Skeptical and Natural Philosophy

The Scientific Revolution

What was so revolutionary about the scientific revolution?

What was revolutionary about the scientific revolution was how it emphasized objectivity and the need to look for natural causes for observable events. Many new inventions, such as telescopes, microscopes, thermometers, barometers, air pumps, and electric charge detectors, aided in this new endeavor. The principle of objectivity played out in public discovery, observation, and experimentation that could be duplicated for verification. (To be accepted, however, important experiments required credible witnesses—usually men of substantial social status.)

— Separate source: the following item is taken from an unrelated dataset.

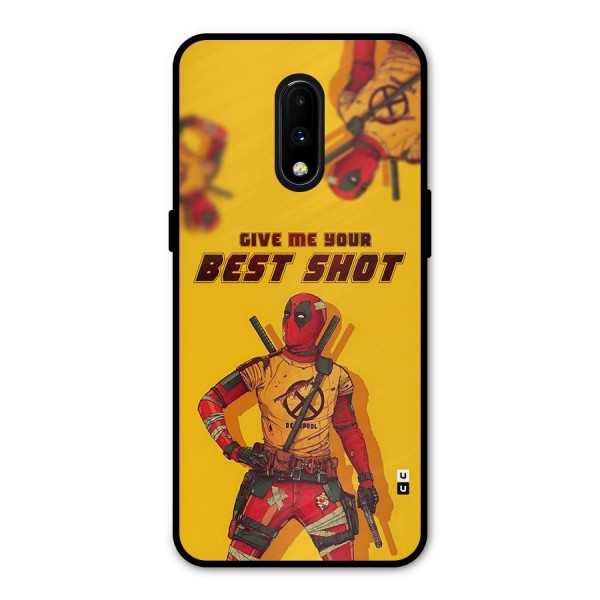 Best Shot Metal Back Case for OnePlus 7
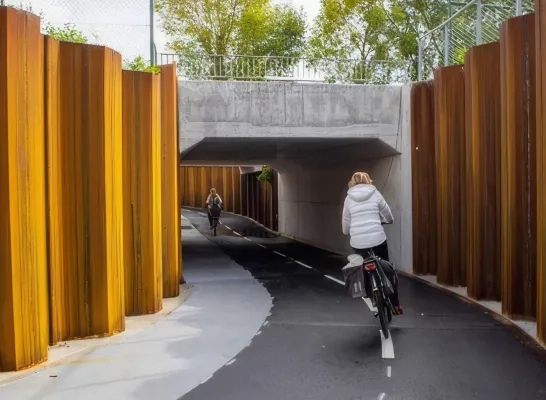 Fietstunnel Kleinhoefpad Geel Larum Fietstunnel Kleinhoefpad Geel Larum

The goal of exact measurement and descriptions that could be quantified made mathematics a permanent part of science. But the pre-Socratics had already sought naturalistic explanations for natural events and emphasized the importance of number, so those aspects of the scientific revolution were not new. The early modern methods of objectivity were innovative, nevertheless. As the twentieth century historian and philosopher of science Thomas Kuhn (1922–1996) pointed out, the classical sciences of antiquity were astronomy, statics (bodies at rest or forces in equilibrium) and optics, which were all associated with mathematics and harmonics, so that advances in one led to advances in the others. In the sixteenth century, local motion (as something different from Aristotle’s idea of motion as qualitative change) was added to the mathematical sciences.